Editors: Andrea Gassner, Reinhard Gassner / Atelier Gassner
Publisher: Sonderzahl
Year: 2017
Length: 288 pages
Language: German, English
ISBN:  978-3-85449-468-3
Price: 44,- Euro

This book is more than just a corporate publishing project. On a total of 288 pages it not only shows the exciting results of work carried out over the last 20 years but also presents in a highly impressive way the paths and processes that led to these results. The book describes the work of the Atelier, which has achieved recognition beyond the region, along with the design approaches taken and the consistent orientation on the contents and the communication aims. The 15 projects presented illustrate spatial and graphic design that focuses on applied communication – book design and scenography, signage and facade graphics.

The book itself is a testimony to the creative work. The cover recalls a concrete façade graphic design on the theme of skin and surface and surprises our perception in that it shows what first becomes visible through the relationship between two different surfaces. The challenge of presenting the medium book in a book is successfully met by, on the one hand, placing the illustrations on the pages almost as facsimiles so that, for the viewer, a further interference between reality and representation develops. On the other hand the “filmic” sequence of the wrap and the dramaturgy of the book’s design are shown at a single glance in miniature illustrations. The descriptions provide information about the various design approaches taken by the team, about interesting sources, and about different ways of engaging with the creative process. Alberto Alessi, Walter Bohatsch, Köbi Gantenbein, Otto Kapfinger and Roland Jörg wrote the accompanying texts.

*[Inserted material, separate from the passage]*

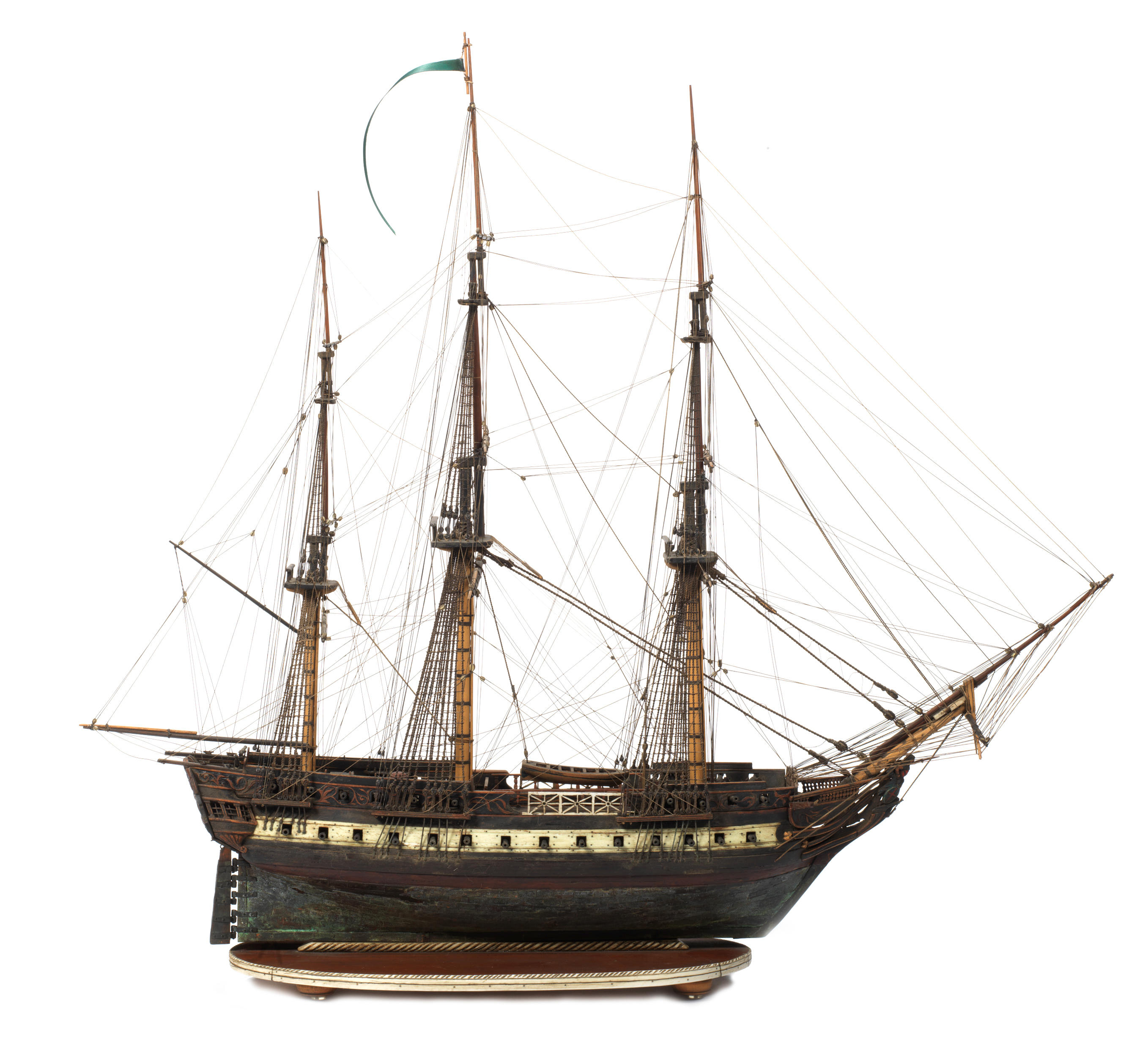 A fine early 19th century wood and bone model of the 5th rate HMS Amazon 1799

Architect Alberto Alessi writes in his essay: “The work of Atelier Gassner is a demonstration of this deeper spatial perception. The goal of their work is to convey a value and not just formal results.”

Since the 1990s the massive presence and ubiquitous use of digital media has completely changed the way we communicate. The new virtual communication spaces take us by surprise; they are always in motion and have to be permanently renegotiated. Logos and brands are exposed to constantly increasing competition from a previously inconceivable flood of images and the fact that almost everything and everyone throughout the world can be found. If, even for children, generating and manipulating images is taken for granted, then this means that the significance of the illustration has been re-coded. Much the same is happening at the moment with film. The authority of the creation of images has been largely broken and the technical and spatial limitations to production have been removed. Pictures and videos are the new “words”, as components of meaning they are constantly shared and distributed by smart phone. Creativity and communication takes place in the here and now, without explicit cultural references: I mail, photograph and film and I share it, therefore I am. The notion of decontextualization of the users had hardly been formed, before algorithm-powered media began to supply pseudo contexts by means of profiling. Here, however, the issue is personalized information that is focused on users’ individual consumption preferences and the profitable sale of their profiles. In the field of communication these apparently unlimited possibilities must be increasingly countered by selection, orientation and quality.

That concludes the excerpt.